• _Requirement_:
From the material below, return exactly the lines starting at the one that holds "Un mod&egrave;le d'un" and ending at the one that holds "Vesuvio Inn Bed & Wine Experience". Pictures stay out of the answer.

• _Entries shown_:
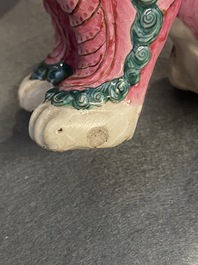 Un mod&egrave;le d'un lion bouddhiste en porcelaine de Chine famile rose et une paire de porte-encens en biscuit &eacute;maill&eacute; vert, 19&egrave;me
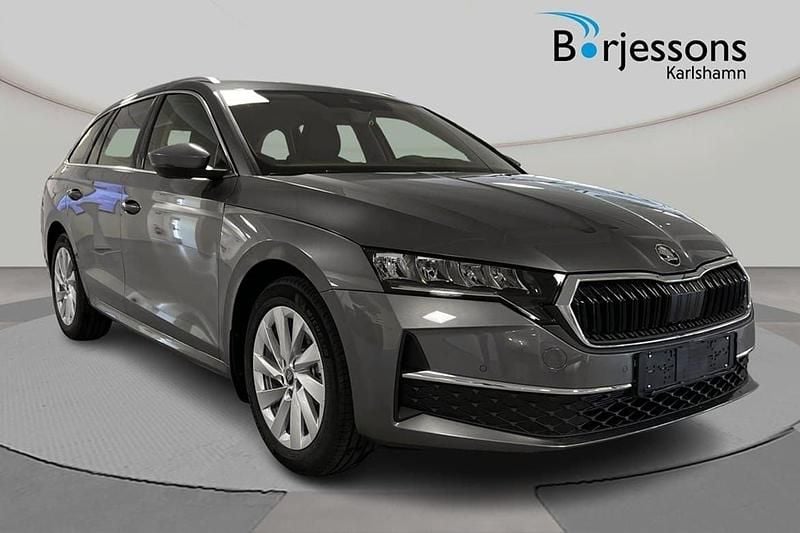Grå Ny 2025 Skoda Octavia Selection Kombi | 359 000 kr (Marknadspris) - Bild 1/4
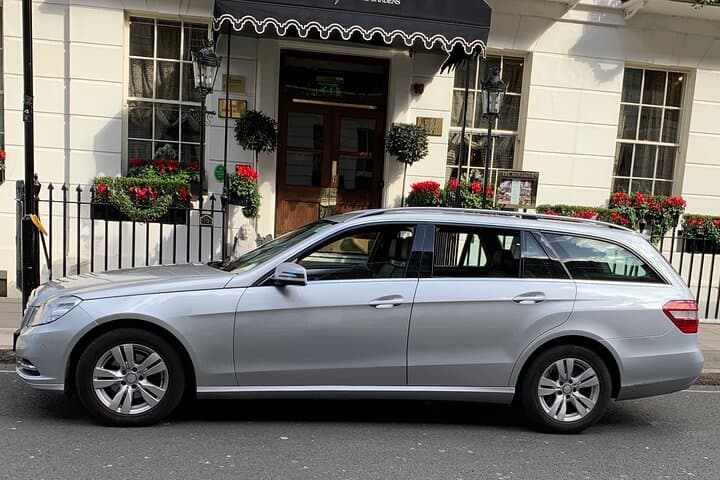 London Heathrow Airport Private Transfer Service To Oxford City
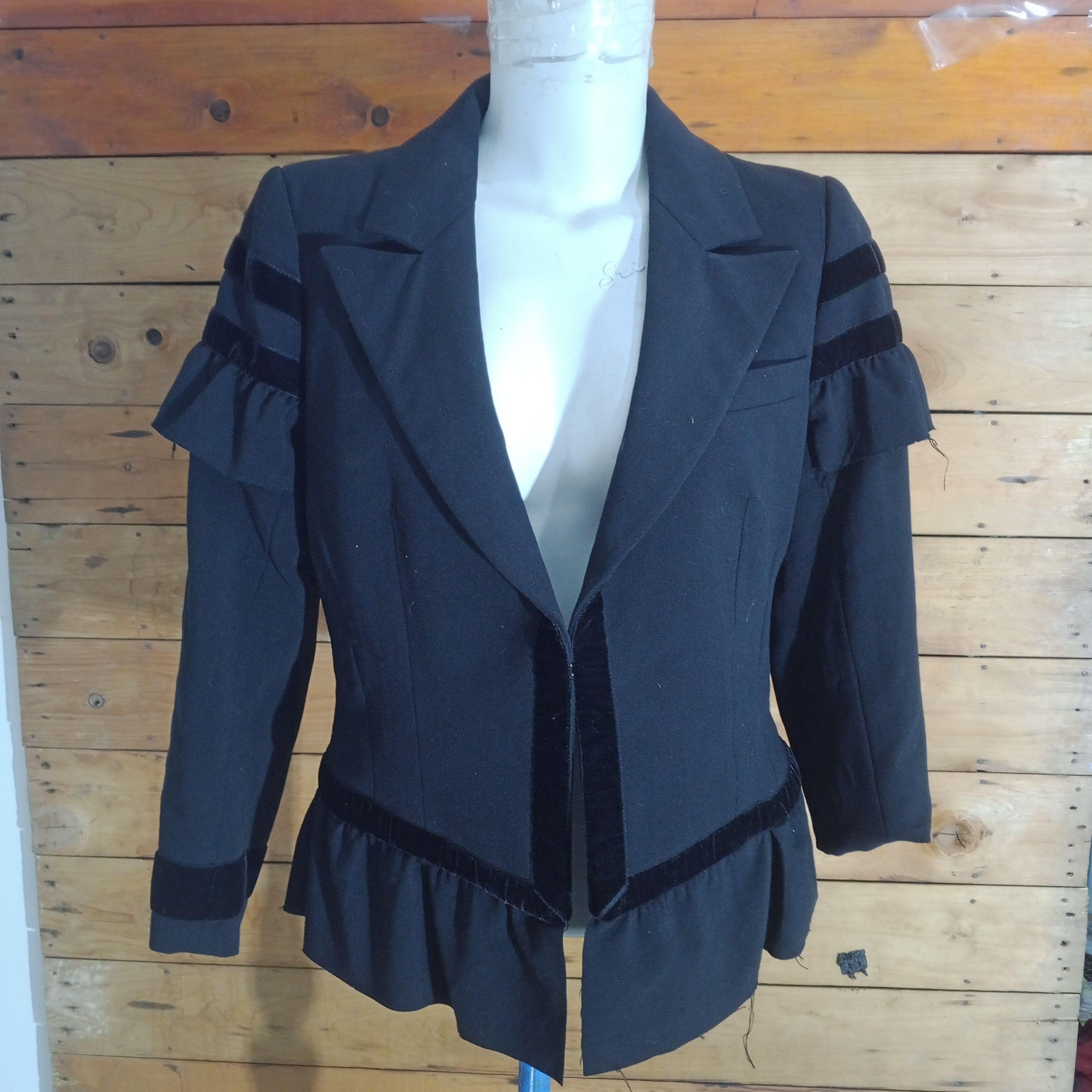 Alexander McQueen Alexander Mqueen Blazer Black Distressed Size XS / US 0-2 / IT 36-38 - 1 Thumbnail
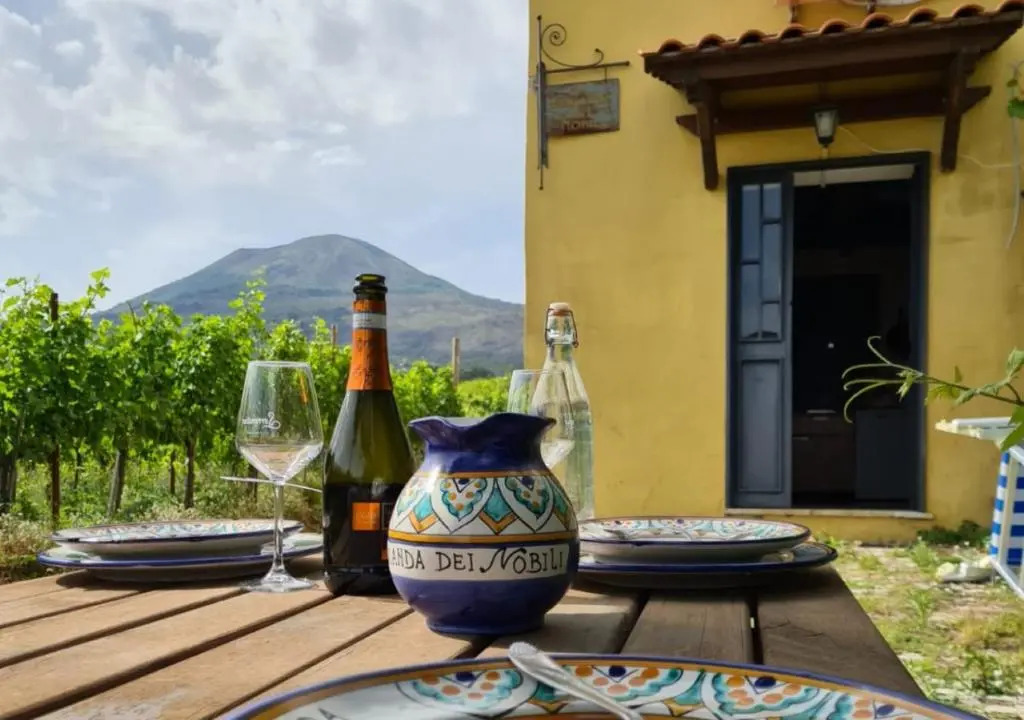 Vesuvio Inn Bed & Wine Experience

==

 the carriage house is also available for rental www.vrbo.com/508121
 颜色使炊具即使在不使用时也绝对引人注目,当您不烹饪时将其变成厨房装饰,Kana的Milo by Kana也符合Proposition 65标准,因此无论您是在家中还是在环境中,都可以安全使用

• _Response_:
 Un mod&egrave;le d'un lion bouddhiste en porcelaine de Chine famile rose et une paire de porte-encens en biscuit &eacute;maill&eacute; vert, 19&egrave;me
Grå Ny 2025 Skoda Octavia Selection Kombi | 359 000 kr (Marknadspris) - Bild 1/4
 London Heathrow Airport Private Transfer Service To Oxford City
 Alexander McQueen Alexander Mqueen Blazer Black Distressed Size XS / US 0-2 / IT 36-38 - 1 Thumbnail
 Vesuvio Inn Bed & Wine Experience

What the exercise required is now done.